Japanese Patent No. 2633026

  In such a tunnel construction method, when the frame width has a variable cross section, the distance between adjacent tunnels (connection width) is gradually expanded and reduced to a distance equivalent to one shield machine. In such a state, the shield machine is inserted in the meantime or the shield machine that was in the meantime is escaped so as to correspond to the cross section.

  However, in such a tunnel construction method, an enlargement / reduction width is secured between adjacent tunnels, and then the shield tunneling machine is inserted / extracted between the tunnels to cope with the enlargement / reduction change section. The maximum connection width between them is larger than that of one shield machine, the connection work between adjacent tunnels becomes heavy, and it is difficult to improve the safety of construction.

  An object of the present invention is to provide a tunnel construction method that can shorten the connection width between adjacent tunnels at the time of enlargement / reduction cross-section construction, simplify connection work, and improve the safety of construction.

(1) In order to achieve the above object, the tunnel construction method of the present invention is constructed by constructing at least two tunnels adjacent to each other with at least two shield machines, and excavating natural ground between each tunnel. A method of constructing a tunnel for connecting each other, wherein each shield machine is formed as an inclined surface in which a surface facing an adjacent shield machine is substantially parallel, and each tunnel has the shield machine The present invention is characterized in that an expansion / contraction variable section tunnel can be constructed by relatively moving along an inclined surface.

  According to the present invention, by relatively moving each shield machine along a substantially parallel inclined surface facing each other, the distance between each shield machine, i.e., while keeping the connection width small and substantially constant, The length in the width direction of at least two tunnels can be expanded and contracted, and an expanded and contracted cross-section tunnel that simplifies connection work and improves the safety of construction can be constructed.

(2) In the present invention, in (1), it is possible to construct an expansion / contraction variable section tunnel in at least one of the horizontal direction and the vertical direction by each shield machine.

  By adopting such a configuration, it is possible to construct a tunnel having an expansion / contraction change section in at least one of the horizontal direction and the vertical direction.

(3) In the present invention, in (2), after building the expansion / contraction variable cross-section tunnel in the horizontal direction by using each shield machine, a retaining wall is constructed in the natural ground below from inside the tunnel, A tunnel with a large cross section can be constructed by excavating a natural mountain surrounded by a retaining wall.

  By adopting such a configuration, it is possible to easily form an expansion / contraction variable section tunnel that is expanded / contracted in the horizontal direction.

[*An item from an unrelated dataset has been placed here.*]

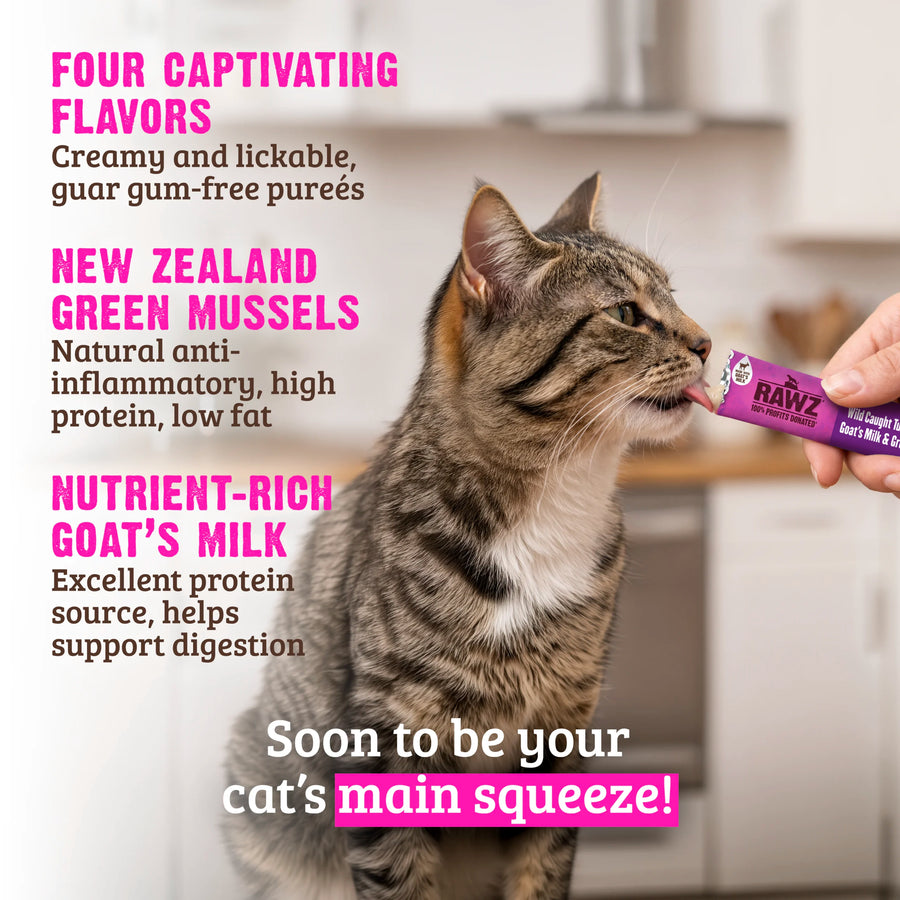 Rawz Wild Caught Tuna & Scallop with Goat's Milk & Green Mussels Lickable Topper/Treat for Cats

(4) In the present invention, in (2), each of the shield machines is used to construct an expansion / contraction variable section tunnel in the horizontal direction and the vertical direction, and then surrounded by the expansion / contraction variable section tunnel in the horizontal direction and the vertical direction. A tunnel with a large cross section can be constructed by excavating the ground.

  By adopting such a configuration, it is possible to easily form an expansion / contraction variable section tunnel having a closed section surrounded by tunnels expanded / contracted in the horizontal direction and the vertical direction.

(5) In the present invention, in any one of (1) to (4), both sides of the shield machine can be formed as inclined surfaces.

  With such a configuration, when a tunnel adjacent to both sides is constructed, it can be easily scaled in both directions.

(6) In this invention, in any one of (1)-(4), the said shield machine can form one side as an inclined surface.

  By adopting such a configuration, when a tunnel adjacent to one side is constructed, it can be used to construct a tunnel at an end position.

  Embodiments of the present invention will be described below with reference to the drawings.

  1 to 22 are diagrams showing a tunnel construction method according to an embodiment of the present invention.

  FIG. 1 is a plan view of an expansion / contraction variable section tunnel constructed by the tunnel construction method of the present embodiment, FIG. 2 is a sectional view taken along line II-II in FIG. 1, and FIG. 3 is a section taken along line III-III. 4 is a sectional view taken along line IV-IV, FIG. 5 is a sectional view taken along line V-V, FIG. 6 is a sectional view taken along line VI-VI, and FIG. 7 is a sectional view taken along line VII-VII. is there.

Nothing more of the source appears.